[[ TASK INPUT, beginning ]]
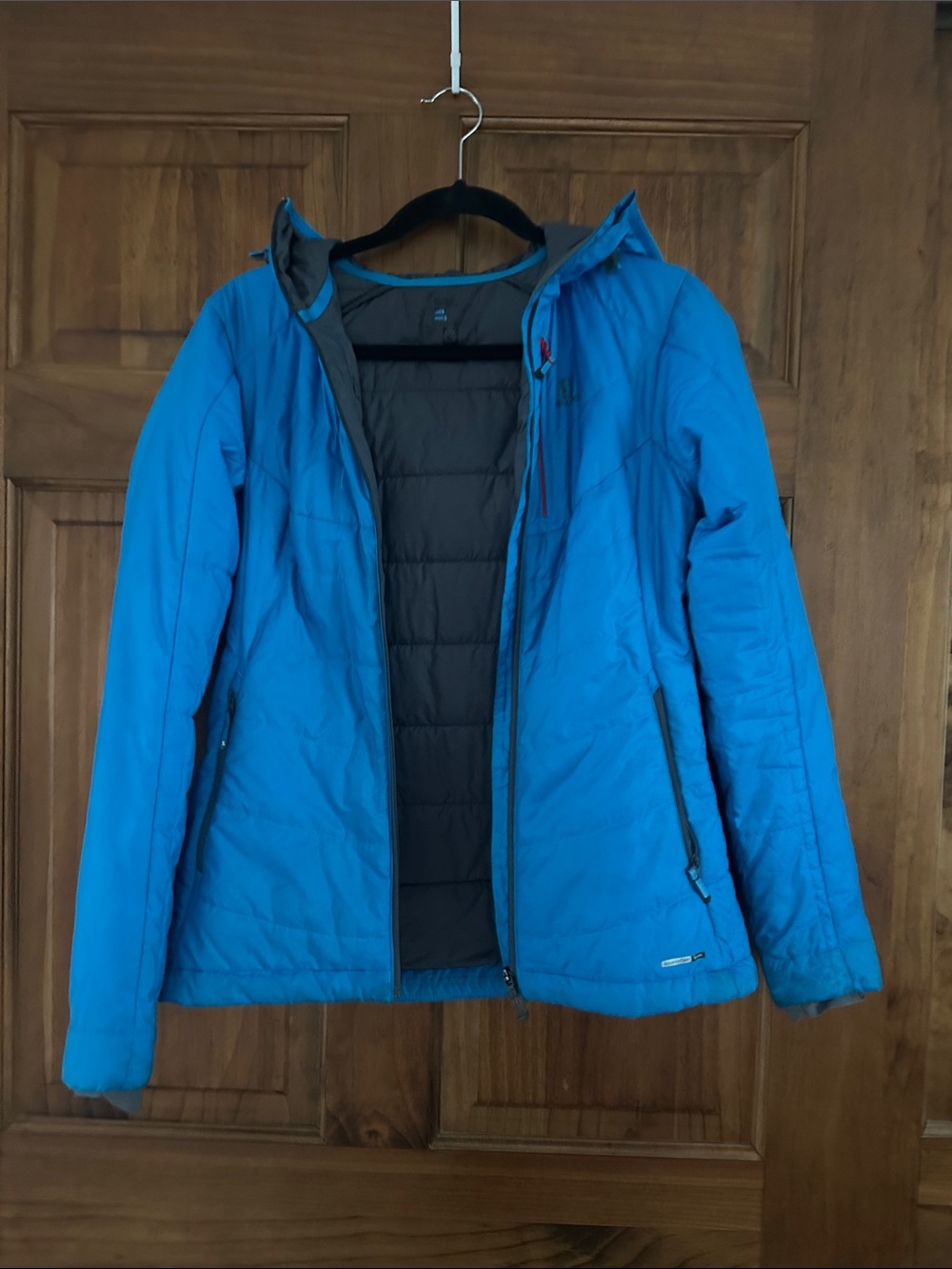 Salomon Women's Bright Teal Hooded Insulated Puffer Jacket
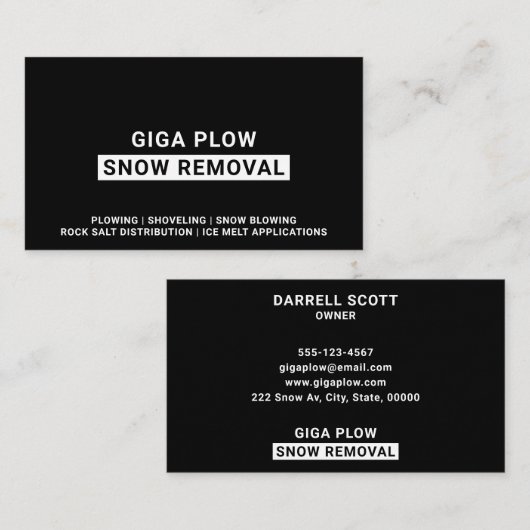 Sneeuwverwijdering Vette Typografie Black Visitekaartje (Voorkant / Achterkant)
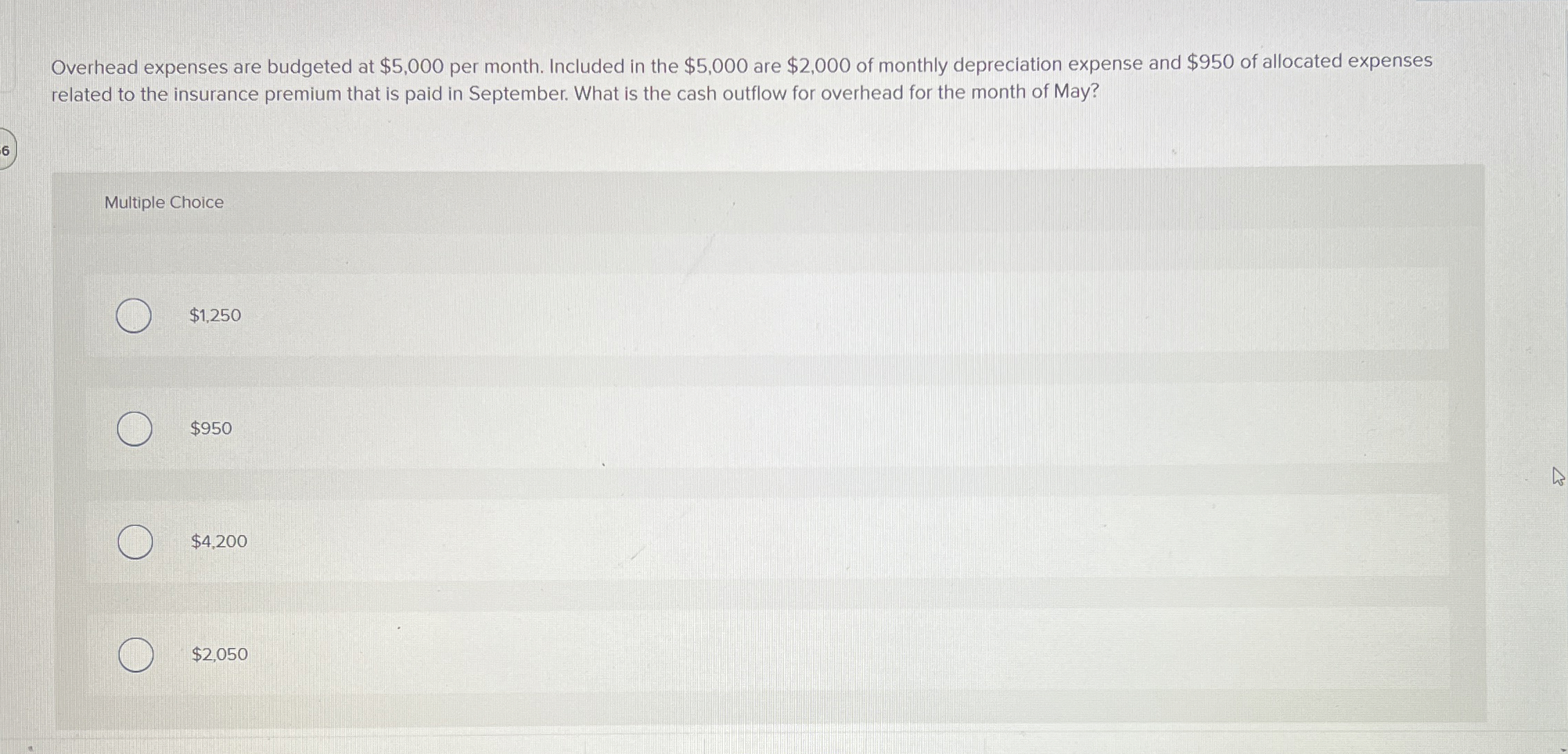 Overhead expenses are budgeted at $ 5 , 0 0 0 per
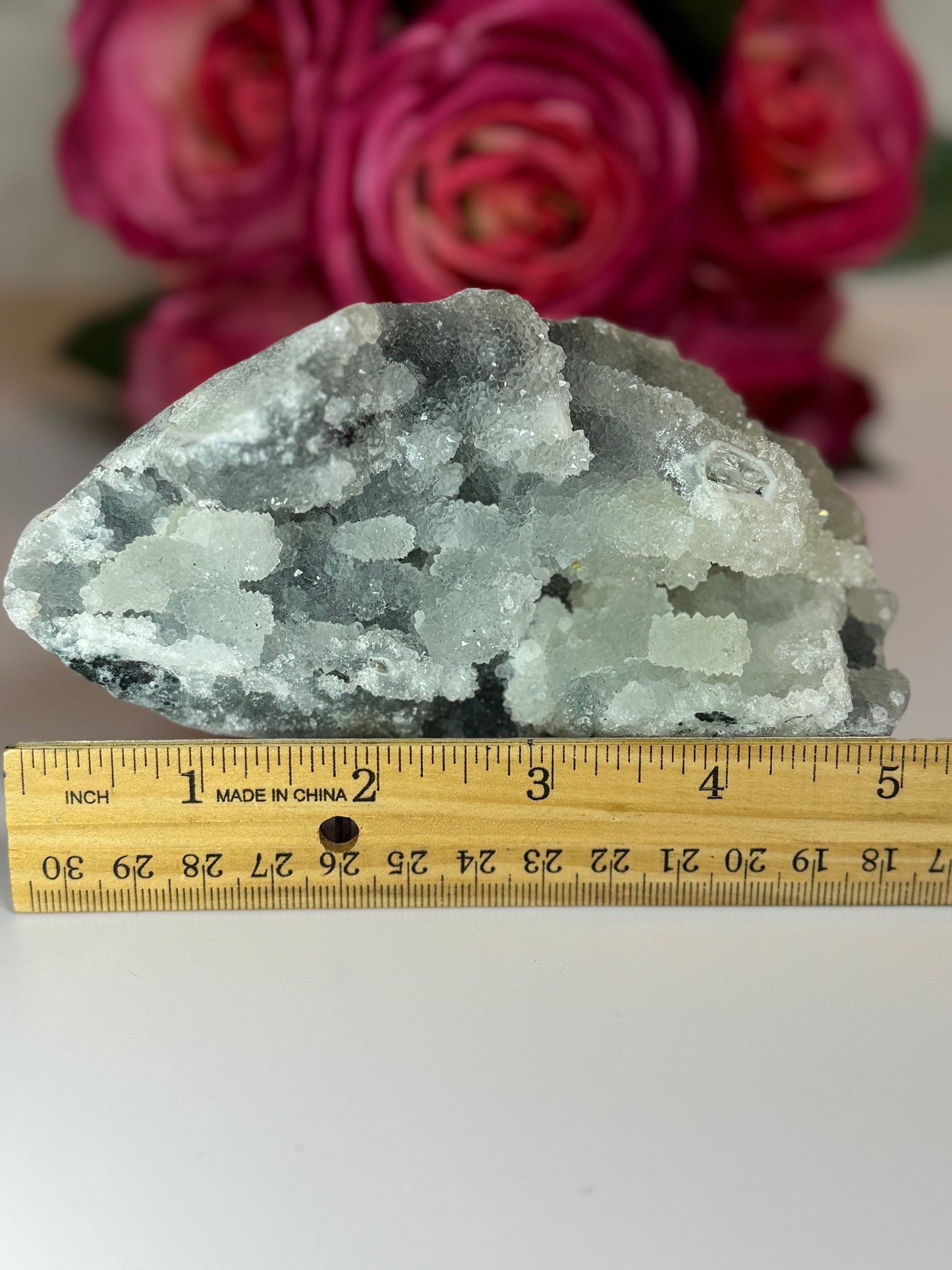 Apophyllite Stalactite on Black Chalcedony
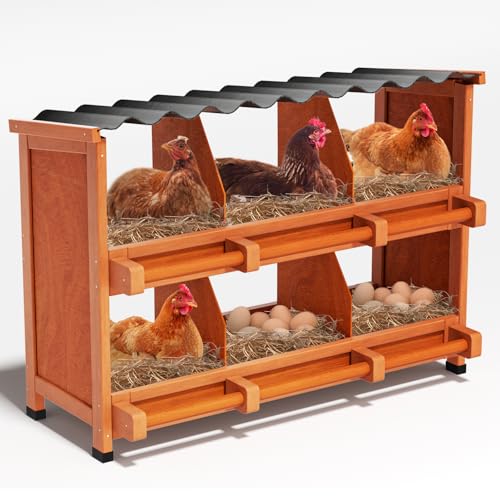 Hühner-Nistkästen, 6 Fächer, Nistkästen aus Holz für Hühner, Legeboxen für Hühner, Enten, Geflügel, schützt Eier, Hühnerstall, einfache Eiersammlung (6 Löcher) von RUDCXDY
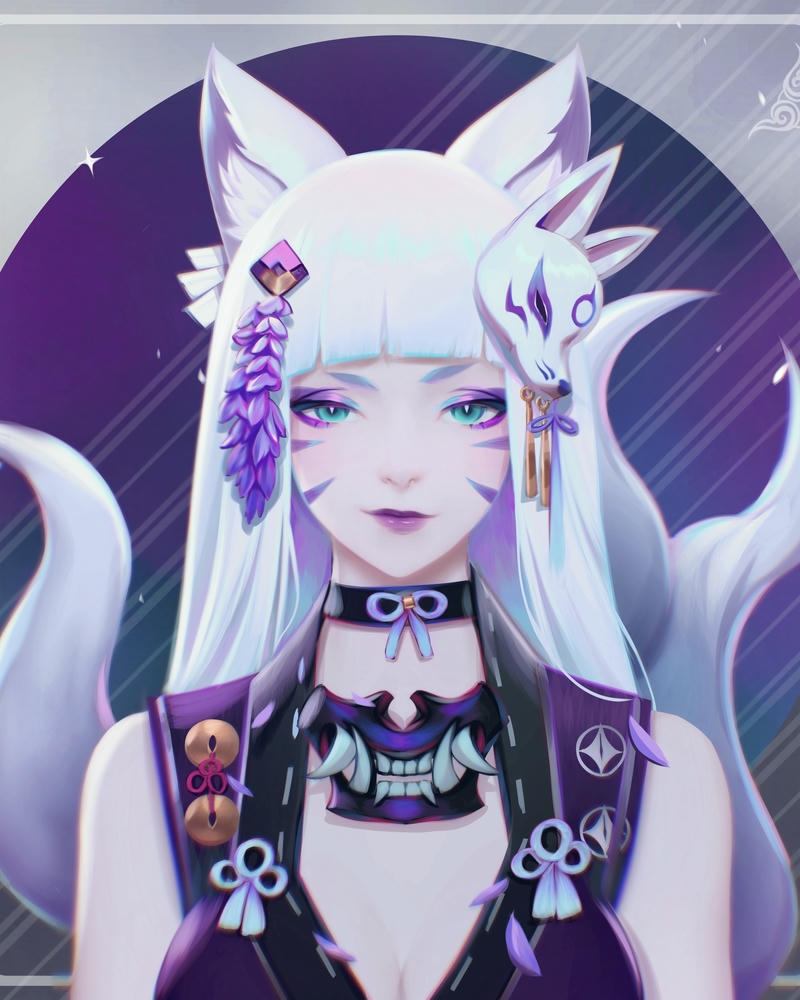 Ảnh hồ ly anime chân dung xinh đẹp tông màu tím huyền bí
[[ TASK INPUT, end ]]
Write every entry out again exactly, images omitted.

REPLY TO THE TASK:
 Salomon Women's Bright Teal Hooded Insulated Puffer Jacket
 Sneeuwverwijdering Vette Typografie Black Visitekaartje (Voorkant / Achterkant)
 Overhead expenses are budgeted at $ 5 , 0 0 0 per
 Apophyllite Stalactite on Black Chalcedony
 Hühner-Nistkästen, 6 Fächer, Nistkästen aus Holz für Hühner, Legeboxen für Hühner, Enten, Geflügel, schützt Eier, Hühnerstall, einfache Eiersammlung (6 Löcher) von RUDCXDY
 Ảnh hồ ly anime chân dung xinh đẹp tông màu tím huyền bí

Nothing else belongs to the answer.